• _INSTRUCTIONS TO FOLLOW_:
Copy out every entry that follows, without a single picture.

• _AVAILABLE RECORDS_:
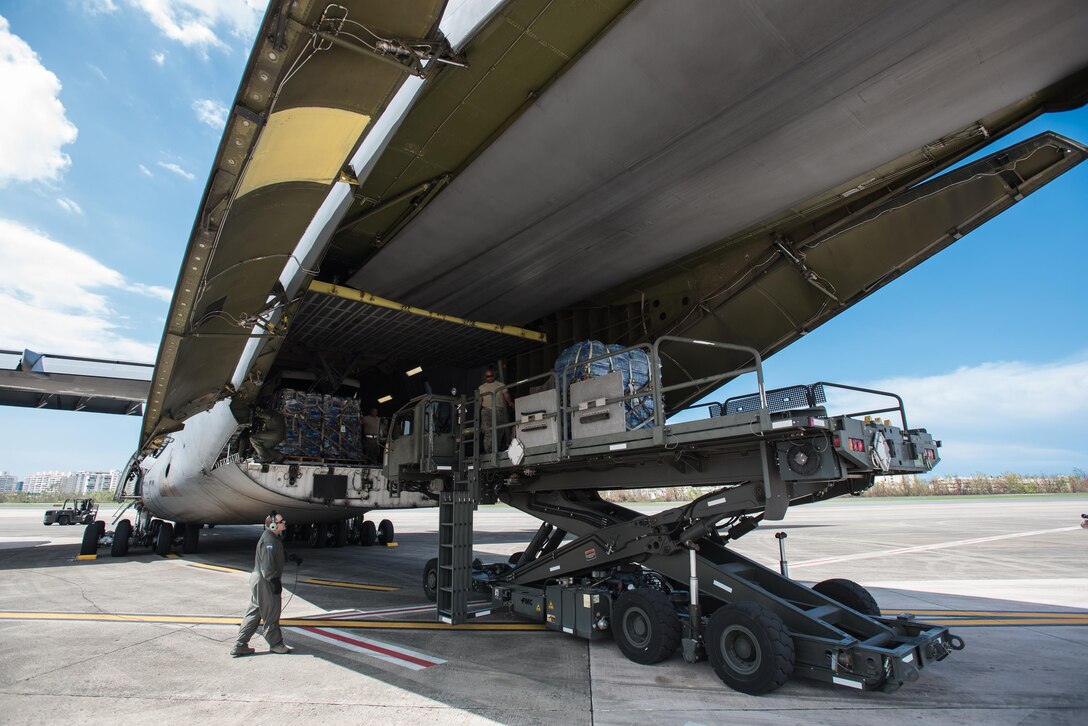 Airmen from the Kentucky Air National Guard’s 123rd Contingency Response Group, augmented by troops from the active-duty Air Force and Air National Guard units in multiple states, dowload relief supplies from aircraft around the clock at Luis Muñoz Marín International Airport in San Juan, Puerto Rico, in the wake of Hurricane Maria Oct. 6, 2017. The unit’s Airmen established an aerial port of debarkation upon arrival here Sept. 23, and have processed more than 7.2 million pounds of cargo and humanitarian aid for distribution in the first three weeks of the operation. (U.S. Air National Guard photo by Lt. Col. Dale Greer)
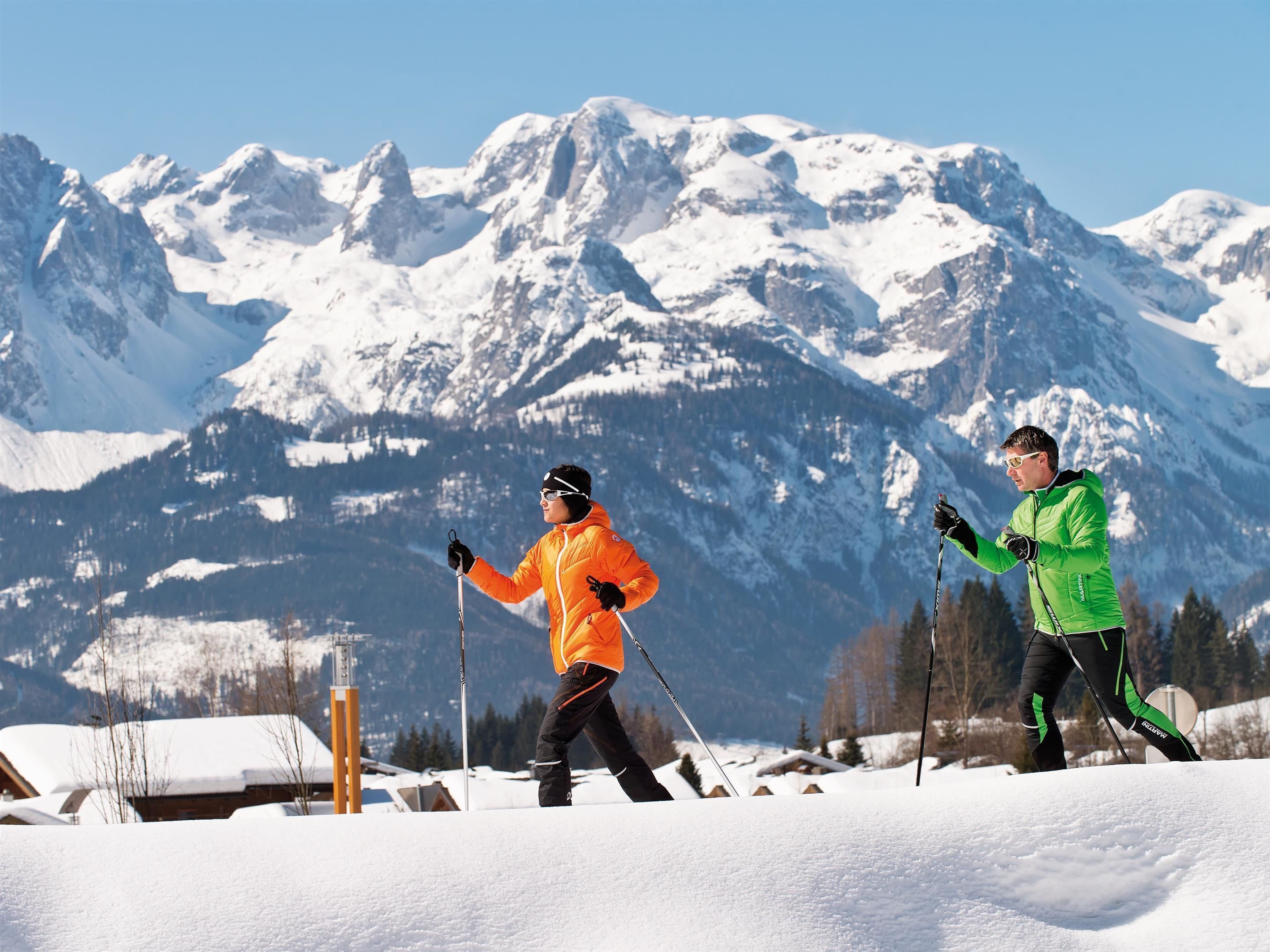 Two skiers in bright orange and green jackets running on a snowy trail with snow-covered mountains in the background.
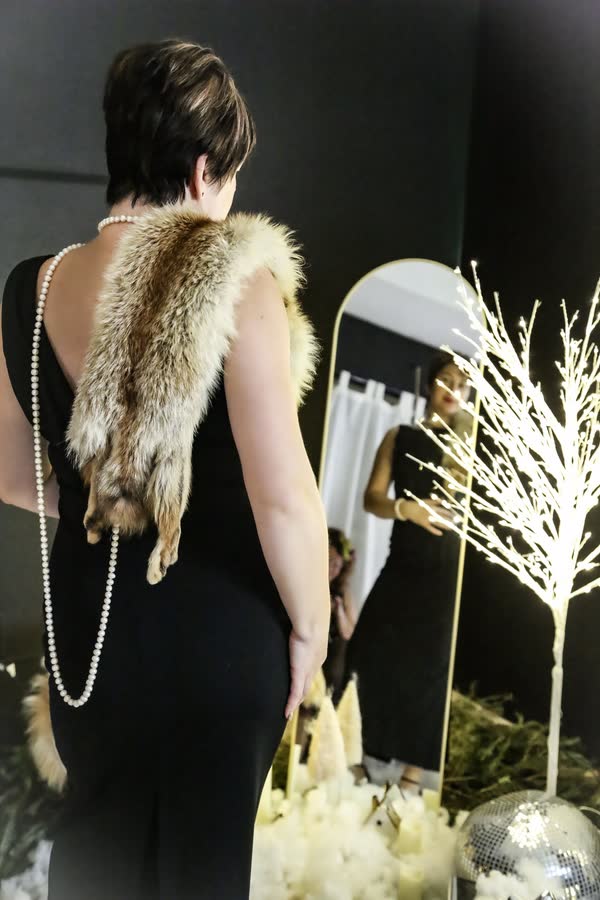 Fashion portrait from behind in a black gown with fur styling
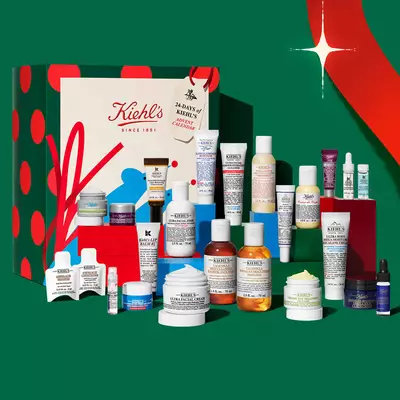 Kiehl’s holiday advent calendar and skincare gift set featuring assorted creams, serums, cleansers, and treatments on a festive display.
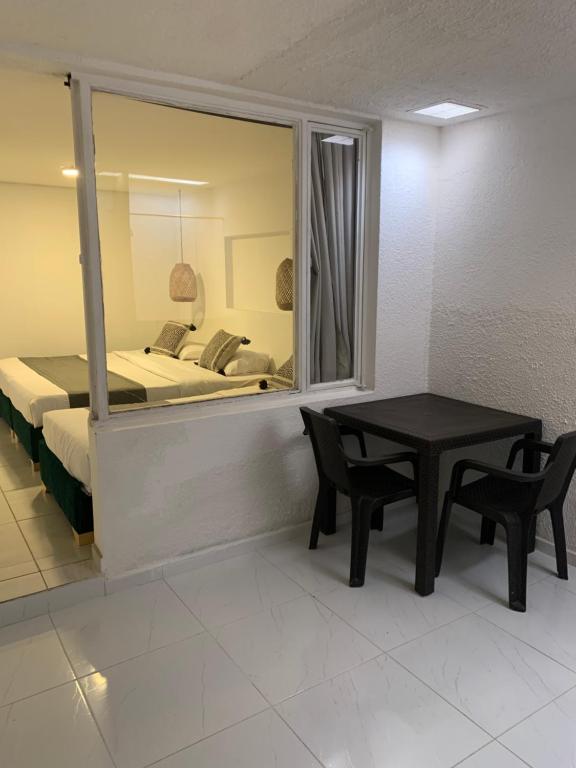Postel nebo postele na pokoji v ubytování Hotel Quintas de Normandia
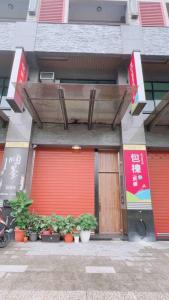 um edifício com uma porta vermelha e algumas plantas em Feng Jing Yuan em Pingtung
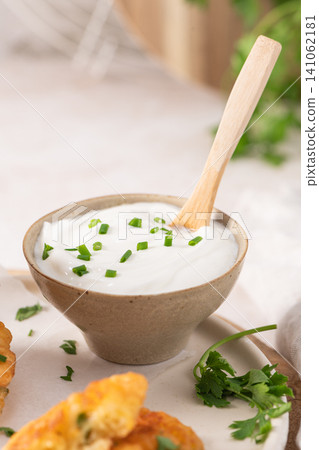 A small ceramic bowl of creamy yogurt or savory sour cream topped with fresh chopped green chives and a wooden spoon, served alongside crispy fritters A small ceramic bowl of creamy yogurt or savory sour cream topped with fresh chopped green chives and a wooden spoon, served alongside crispy fritters 141062181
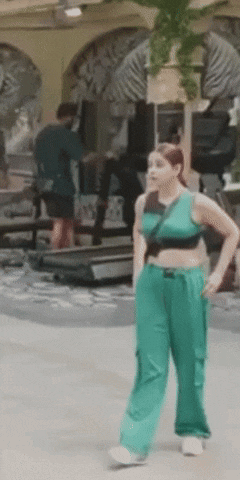 a woman in a crop top and green pants is standing in front of a treadmill .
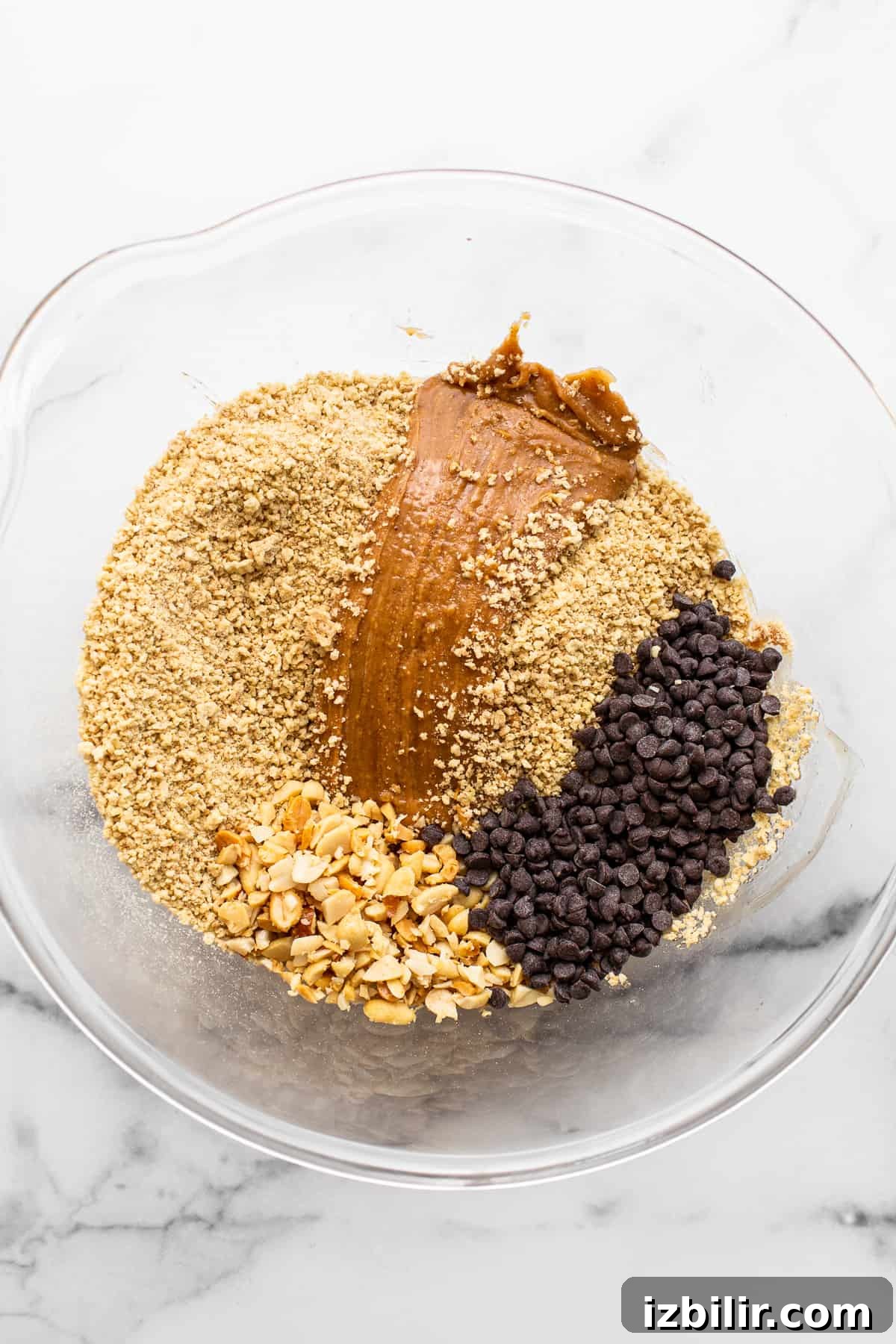 Ingredients for no-bake peanut butter bars in a bowl. Ingredients for no-bake peanut butter bars in a bowl.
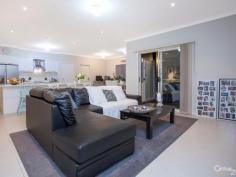  60 Windermere Blvd Pakenham VIC 3810 $495,000 LAKE FRONTAGE & IMMENSELY PRIVATE! WATER VIEWS, PINNACLE LOCATION & RARE OPPORTUNITY.  The moment you arrive at this stand out home in Cardinia Lakes a sense of calmness and pride is immediate.  Proudly built by Fairhaven Homes, this 4 double bedroom home, master suite with water views, ensuite and walk in robe, built in robes to the other bedrooms for maximum convenience, living space is abundant with a family room, separate oversize theatre / rumpus along with outdoor living space.  Well appointed kitchen with stainless trim appliances, large breakfast bar, walk in pantry and dishwasher, adjoining open plan meals / dining space is clever.  Features include double remote garage with internal access & rear roller door, ducted gas heating, split system cooling, security system, timeless colour scheme, built in cabinetry to the laundry, above standard ceiling height, security doors and sensibly tiled in all the traffic spaces along with carpet in the bedrooms for comfortable family living.  Outside the pergola is a jaw dropper with its high span and grand size, absolutely perfect for the largest of gatherings or will equally be enjoyed when one needs to chill out and appreciate relaxing in your own private haven, with further outstanding views out to Western Port from the rear of the property, this certainly provides a very unique offering by capturing absolute lake frontage enjoyment and the exclusivity that this provides along with glorious rear views is absolutely superb.  Fully landscaped front and rear, additional street parking, walking & bike tracks at your front door, outdoor gym circuit & fountain lake a very short walk, transport, Cardinia Lakes shopping centre with big retailers and specialty stores just a stroll away.  Make the move, this is a very rare offering in a pinnacle location, unreplaceable at this level!  PROPERTY DETAILS NEG OVER $495,000 ID: 362557 Land Area: 576 m² 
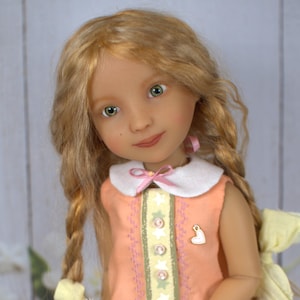 Könnte beinhalten: Eine handgefertigte Puppe mit langem, gewelltem blondem Haar und grünen Augen. Die Puppe trägt ein pfirsichfarbenes Kleid mit weißem Kragen und einer rosa Schleife. Das Kleid ist mit dekorativen Nähten und einer herzförmigen Anstecknadel verziert. Das Haar der Puppe ist zu Zöpfen mit gelben Bändern geflochten.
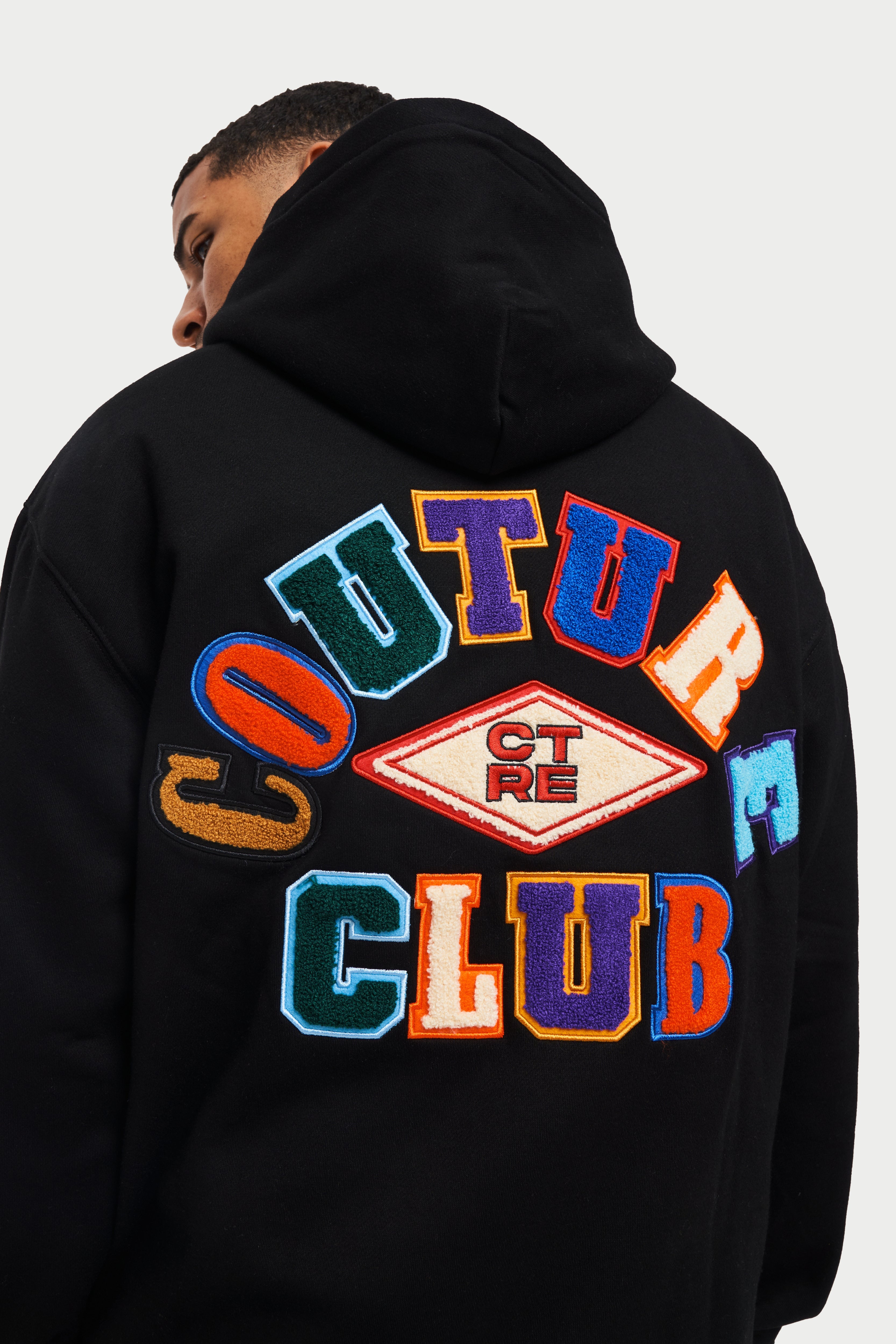 MULTI BADGED OVERSIZED HOODIE BLACK The Couture Club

• _COMPLETED EXERCISE_:
 Airmen from the Kentucky Air National Guard’s 123rd Contingency Response Group, augmented by troops from the active-duty Air Force and Air National Guard units in multiple states, dowload relief supplies from aircraft around the clock at Luis Muñoz Marín International Airport in San Juan, Puerto Rico, in the wake of Hurricane Maria Oct. 6, 2017. The unit’s Airmen established an aerial port of debarkation upon arrival here Sept. 23, and have processed more than 7.2 million pounds of cargo and humanitarian aid for distribution in the first three weeks of the operation. (U.S. Air National Guard photo by Lt. Col. Dale Greer)
 Two skiers in bright orange and green jackets running on a snowy trail with snow-covered mountains in the background.
 Fashion portrait from behind in a black gown with fur styling
 Kiehl’s holiday advent calendar and skincare gift set featuring assorted creams, serums, cleansers, and treatments on a festive display.
Postel nebo postele na pokoji v ubytování Hotel Quintas de Normandia
 um edifício com uma porta vermelha e algumas plantas em Feng Jing Yuan em Pingtung
 A small ceramic bowl of creamy yogurt or savory sour cream topped with fresh chopped green chives and a wooden spoon, served alongside crispy fritters A small ceramic bowl of creamy yogurt or savory sour cream topped with fresh chopped green chives and a wooden spoon, served alongside crispy fritters 141062181
 a woman in a crop top and green pants is standing in front of a treadmill .
 Ingredients for no-bake peanut butter bars in a bowl. Ingredients for no-bake peanut butter bars in a bowl.
  60 Windermere Blvd Pakenham VIC 3810 $495,000 LAKE FRONTAGE & IMMENSELY PRIVATE! WATER VIEWS, PINNACLE LOCATION & RARE OPPORTUNITY.  The moment you arrive at this stand out home in Cardinia Lakes a sense of calmness and pride is immediate.  Proudly built by Fairhaven Homes, this 4 double bedroom home, master suite with water views, ensuite and walk in robe, built in robes to the other bedrooms for maximum convenience, living space is abundant with a family room, separate oversize theatre / rumpus along with outdoor living space.  Well appointed kitchen with stainless trim appliances, large breakfast bar, walk in pantry and dishwasher, adjoining open plan meals / dining space is clever.  Features include double remote garage with internal access & rear roller door, ducted gas heating, split system cooling, security system, timeless colour scheme, built in cabinetry to the laundry, above standard ceiling height, security doors and sensibly tiled in all the traffic spaces along with carpet in the bedrooms for comfortable family living.  Outside the pergola is a jaw dropper with its high span and grand size, absolutely perfect for the largest of gatherings or will equally be enjoyed when one needs to chill out and appreciate relaxing in your own private haven, with further outstanding views out to Western Port from the rear of the property, this certainly provides a very unique offering by capturing absolute lake frontage enjoyment and the exclusivity that this provides along with glorious rear views is absolutely superb.  Fully landscaped front and rear, additional street parking, walking & bike tracks at your front door, outdoor gym circuit & fountain lake a very short walk, transport, Cardinia Lakes shopping centre with big retailers and specialty stores just a stroll away.  Make the move, this is a very rare offering in a pinnacle location, unreplaceable at this level!  PROPERTY DETAILS NEG OVER $495,000 ID: 362557 Land Area: 576 m² 
 Könnte beinhalten: Eine handgefertigte Puppe mit langem, gewelltem blondem Haar und grünen Augen. Die Puppe trägt ein pfirsichfarbenes Kleid mit weißem Kragen und einer rosa Schleife. Das Kleid ist mit dekorativen Nähten und einer herzförmigen Anstecknadel verziert. Das Haar der Puppe ist zu Zöpfen mit gelben Bändern geflochten.
 MULTI BADGED OVERSIZED HOODIE BLACK The Couture Club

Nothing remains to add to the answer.